- Type: Formation
- Sub-units: Assiniboine Member Keld Member
- Underlies: Morden Formation
- Overlies: Belle Fourche Formation
- Thickness: Up to about 46 m (151 ft)

Lithology
- Primary: Calcareous shale
- Other: Argillaceous limestone, calcarenite, bentonite

Location
- Coordinates: 52°08′36″N 100°58′38″W﻿ / ﻿52.14333°N 100.97722°W
- Region: Saskatchewan Manitoba
- Country: Canada

Type section
- Named for: Favel River, Manitoba
- Named by: R.T.D. Wickenden
- Year defined: 1945

= Favel Formation =

Geologic formation in Canada

The Favel Formation is a stratigraphic unit of Late Cretaceous (late Cenomanian to middle Turonian) age. It is present in southern Manitoba and southeastern Saskatchewan, and consists primarily of calcareous shale. It was named for the Favel River near Minitonas, Manitoba, by R.T.D. Wickenden in 1945.

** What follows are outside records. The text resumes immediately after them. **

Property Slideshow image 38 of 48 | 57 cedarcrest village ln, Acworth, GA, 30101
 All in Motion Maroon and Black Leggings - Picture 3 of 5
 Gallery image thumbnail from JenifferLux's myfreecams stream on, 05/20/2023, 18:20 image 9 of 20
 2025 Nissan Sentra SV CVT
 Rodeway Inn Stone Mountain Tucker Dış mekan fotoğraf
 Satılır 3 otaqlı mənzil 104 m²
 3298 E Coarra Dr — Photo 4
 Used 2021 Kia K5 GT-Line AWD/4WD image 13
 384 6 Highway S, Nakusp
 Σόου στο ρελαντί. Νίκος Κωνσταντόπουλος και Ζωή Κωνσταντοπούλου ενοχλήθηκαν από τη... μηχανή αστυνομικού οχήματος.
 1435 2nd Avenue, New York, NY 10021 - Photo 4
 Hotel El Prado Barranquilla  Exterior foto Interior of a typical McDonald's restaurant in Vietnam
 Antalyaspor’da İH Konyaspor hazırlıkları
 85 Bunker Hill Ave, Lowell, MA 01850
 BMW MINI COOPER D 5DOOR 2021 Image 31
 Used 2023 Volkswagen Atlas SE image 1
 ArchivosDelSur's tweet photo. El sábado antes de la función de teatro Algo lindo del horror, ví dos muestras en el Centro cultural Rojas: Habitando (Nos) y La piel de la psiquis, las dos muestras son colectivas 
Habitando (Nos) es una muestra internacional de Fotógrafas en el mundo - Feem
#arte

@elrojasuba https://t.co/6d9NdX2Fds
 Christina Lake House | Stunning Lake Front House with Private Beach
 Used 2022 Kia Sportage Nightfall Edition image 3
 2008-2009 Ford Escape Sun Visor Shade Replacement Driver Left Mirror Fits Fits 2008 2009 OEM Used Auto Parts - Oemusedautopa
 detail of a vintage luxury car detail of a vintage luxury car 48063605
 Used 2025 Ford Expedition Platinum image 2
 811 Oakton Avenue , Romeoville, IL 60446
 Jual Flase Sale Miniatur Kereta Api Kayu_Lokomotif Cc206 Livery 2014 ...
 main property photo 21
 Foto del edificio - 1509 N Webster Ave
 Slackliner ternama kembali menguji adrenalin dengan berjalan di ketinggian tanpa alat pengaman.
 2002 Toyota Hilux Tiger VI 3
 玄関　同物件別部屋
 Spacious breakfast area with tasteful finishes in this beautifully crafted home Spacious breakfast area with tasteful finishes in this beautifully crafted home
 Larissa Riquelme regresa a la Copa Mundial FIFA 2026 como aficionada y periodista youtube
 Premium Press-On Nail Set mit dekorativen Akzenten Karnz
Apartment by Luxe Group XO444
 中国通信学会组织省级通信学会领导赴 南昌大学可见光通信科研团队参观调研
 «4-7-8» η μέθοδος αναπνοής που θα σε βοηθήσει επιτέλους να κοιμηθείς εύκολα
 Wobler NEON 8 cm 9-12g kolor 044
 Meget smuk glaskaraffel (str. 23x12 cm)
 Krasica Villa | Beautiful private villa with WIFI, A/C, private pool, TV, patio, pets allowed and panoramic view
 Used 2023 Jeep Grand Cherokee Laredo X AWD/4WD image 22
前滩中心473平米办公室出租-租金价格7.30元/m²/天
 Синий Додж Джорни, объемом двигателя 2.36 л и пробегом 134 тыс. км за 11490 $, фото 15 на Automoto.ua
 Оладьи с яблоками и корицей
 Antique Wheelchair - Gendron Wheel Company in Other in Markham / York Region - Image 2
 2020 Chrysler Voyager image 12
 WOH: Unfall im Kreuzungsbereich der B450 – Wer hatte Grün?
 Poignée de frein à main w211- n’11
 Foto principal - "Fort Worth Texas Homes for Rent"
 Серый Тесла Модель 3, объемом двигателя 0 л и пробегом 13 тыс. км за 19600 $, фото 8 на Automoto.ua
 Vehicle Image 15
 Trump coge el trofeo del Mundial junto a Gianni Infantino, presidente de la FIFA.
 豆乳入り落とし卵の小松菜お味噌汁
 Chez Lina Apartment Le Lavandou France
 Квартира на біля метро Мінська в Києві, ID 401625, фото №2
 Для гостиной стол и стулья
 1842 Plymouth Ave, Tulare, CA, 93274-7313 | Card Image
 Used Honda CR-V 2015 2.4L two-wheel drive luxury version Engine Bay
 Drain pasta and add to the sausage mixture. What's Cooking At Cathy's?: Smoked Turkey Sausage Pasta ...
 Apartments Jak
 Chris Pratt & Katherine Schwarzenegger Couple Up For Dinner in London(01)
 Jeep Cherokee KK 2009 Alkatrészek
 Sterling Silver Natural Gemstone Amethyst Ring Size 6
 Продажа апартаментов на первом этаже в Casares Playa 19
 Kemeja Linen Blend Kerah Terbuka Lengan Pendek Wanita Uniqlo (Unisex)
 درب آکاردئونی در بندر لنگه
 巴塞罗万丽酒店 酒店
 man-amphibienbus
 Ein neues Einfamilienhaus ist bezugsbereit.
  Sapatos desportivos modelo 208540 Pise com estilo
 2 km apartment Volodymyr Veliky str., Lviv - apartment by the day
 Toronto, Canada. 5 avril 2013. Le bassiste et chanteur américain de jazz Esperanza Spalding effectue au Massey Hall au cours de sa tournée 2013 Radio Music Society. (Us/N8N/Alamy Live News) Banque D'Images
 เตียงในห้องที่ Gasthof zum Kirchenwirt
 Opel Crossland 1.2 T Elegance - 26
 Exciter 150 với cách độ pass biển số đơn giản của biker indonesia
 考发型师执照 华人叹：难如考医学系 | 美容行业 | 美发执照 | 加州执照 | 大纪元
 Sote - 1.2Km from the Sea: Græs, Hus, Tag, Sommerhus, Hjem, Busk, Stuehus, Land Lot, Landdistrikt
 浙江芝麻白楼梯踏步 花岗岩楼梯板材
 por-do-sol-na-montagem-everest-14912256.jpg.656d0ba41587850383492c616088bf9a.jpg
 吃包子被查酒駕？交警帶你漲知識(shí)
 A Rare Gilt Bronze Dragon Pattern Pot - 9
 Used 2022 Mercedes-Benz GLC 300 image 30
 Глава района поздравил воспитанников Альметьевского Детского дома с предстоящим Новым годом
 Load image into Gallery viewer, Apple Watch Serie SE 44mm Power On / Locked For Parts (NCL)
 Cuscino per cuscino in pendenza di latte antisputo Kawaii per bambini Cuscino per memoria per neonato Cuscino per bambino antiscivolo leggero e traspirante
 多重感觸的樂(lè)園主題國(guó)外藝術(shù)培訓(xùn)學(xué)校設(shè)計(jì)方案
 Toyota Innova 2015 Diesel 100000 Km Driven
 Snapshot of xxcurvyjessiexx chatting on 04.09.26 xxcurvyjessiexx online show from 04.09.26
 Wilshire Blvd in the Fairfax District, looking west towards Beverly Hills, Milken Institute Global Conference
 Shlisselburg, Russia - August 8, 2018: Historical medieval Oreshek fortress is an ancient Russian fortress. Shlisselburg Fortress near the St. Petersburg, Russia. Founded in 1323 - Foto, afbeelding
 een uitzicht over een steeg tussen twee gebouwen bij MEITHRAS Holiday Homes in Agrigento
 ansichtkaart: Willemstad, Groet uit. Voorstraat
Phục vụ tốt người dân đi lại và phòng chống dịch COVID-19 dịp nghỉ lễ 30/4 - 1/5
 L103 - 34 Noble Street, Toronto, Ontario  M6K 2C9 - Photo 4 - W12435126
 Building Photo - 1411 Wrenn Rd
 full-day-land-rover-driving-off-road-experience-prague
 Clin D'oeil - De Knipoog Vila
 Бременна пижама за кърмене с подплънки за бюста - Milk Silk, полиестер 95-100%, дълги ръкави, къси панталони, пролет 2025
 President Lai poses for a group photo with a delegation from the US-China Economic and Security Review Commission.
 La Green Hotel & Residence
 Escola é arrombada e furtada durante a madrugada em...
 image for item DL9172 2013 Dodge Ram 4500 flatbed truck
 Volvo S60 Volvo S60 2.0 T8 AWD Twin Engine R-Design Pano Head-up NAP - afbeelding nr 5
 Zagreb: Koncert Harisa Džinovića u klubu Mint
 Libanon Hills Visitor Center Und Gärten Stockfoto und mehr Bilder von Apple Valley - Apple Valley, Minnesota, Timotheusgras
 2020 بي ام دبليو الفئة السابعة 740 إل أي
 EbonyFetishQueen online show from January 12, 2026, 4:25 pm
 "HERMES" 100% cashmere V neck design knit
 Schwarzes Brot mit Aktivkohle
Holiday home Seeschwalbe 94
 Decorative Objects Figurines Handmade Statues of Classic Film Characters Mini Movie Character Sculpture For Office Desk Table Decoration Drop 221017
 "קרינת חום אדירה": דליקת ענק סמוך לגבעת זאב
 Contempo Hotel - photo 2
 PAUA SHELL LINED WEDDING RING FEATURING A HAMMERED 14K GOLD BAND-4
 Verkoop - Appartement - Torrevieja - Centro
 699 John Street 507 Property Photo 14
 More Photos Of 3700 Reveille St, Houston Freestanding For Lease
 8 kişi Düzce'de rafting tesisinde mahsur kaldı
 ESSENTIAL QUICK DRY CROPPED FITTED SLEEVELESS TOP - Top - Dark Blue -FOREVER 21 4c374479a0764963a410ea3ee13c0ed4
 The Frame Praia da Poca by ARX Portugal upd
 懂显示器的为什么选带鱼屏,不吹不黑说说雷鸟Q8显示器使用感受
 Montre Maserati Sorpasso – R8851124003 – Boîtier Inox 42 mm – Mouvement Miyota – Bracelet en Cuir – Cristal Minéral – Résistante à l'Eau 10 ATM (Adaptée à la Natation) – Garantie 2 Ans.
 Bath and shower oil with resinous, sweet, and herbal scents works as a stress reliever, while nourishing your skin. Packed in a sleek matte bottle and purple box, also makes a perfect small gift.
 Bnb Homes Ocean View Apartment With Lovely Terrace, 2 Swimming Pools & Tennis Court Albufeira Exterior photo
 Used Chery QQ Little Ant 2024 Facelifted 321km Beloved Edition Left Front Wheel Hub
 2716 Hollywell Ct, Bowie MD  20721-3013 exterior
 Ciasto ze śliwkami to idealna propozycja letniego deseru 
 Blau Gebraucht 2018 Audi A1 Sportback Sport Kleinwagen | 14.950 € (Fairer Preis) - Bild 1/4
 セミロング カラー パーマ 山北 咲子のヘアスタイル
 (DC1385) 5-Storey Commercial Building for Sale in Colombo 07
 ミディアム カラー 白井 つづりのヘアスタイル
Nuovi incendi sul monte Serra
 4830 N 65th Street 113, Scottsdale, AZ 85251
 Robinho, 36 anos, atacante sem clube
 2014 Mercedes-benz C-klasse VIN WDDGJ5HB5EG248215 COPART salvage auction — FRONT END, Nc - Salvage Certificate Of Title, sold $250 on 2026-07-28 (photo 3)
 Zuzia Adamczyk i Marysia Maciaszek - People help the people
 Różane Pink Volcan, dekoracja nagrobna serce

The Favel Formation is richly fossiliferous and had yielded remains of a wide variety of marine animals, including the marine crocodile Terminonaris. It is also rich in organic carbon and is therefore an oil shale.

== Lithology and thickness ==
The Favel Formation is subdivided into the upper Assiniboine Member and the lower Keld Member. Both consist primarily of olive-black, chalk-speckled, calcareous and carbonaceous shale, with lesser amounts of shaly and argillaceous limestone, minor beds of calcarenite, and numerous thin beds of bentonite. The Assiniboine Member is topped by a bed of shaly argillaceous limestone called the Marco Calcarenite. The Keld is more calcareous than the Assiniboine, and is topped by a bed of shaly argillaceous limestone called the Laurier Limestone. The Marco and Laurier marker beds are notable for their strong "kicks" in well logs, and so are useful in identifying subsurface formations.

The Favel Formation reaches a maximum thickness of 46 m (151 ft) in southern Manitoba.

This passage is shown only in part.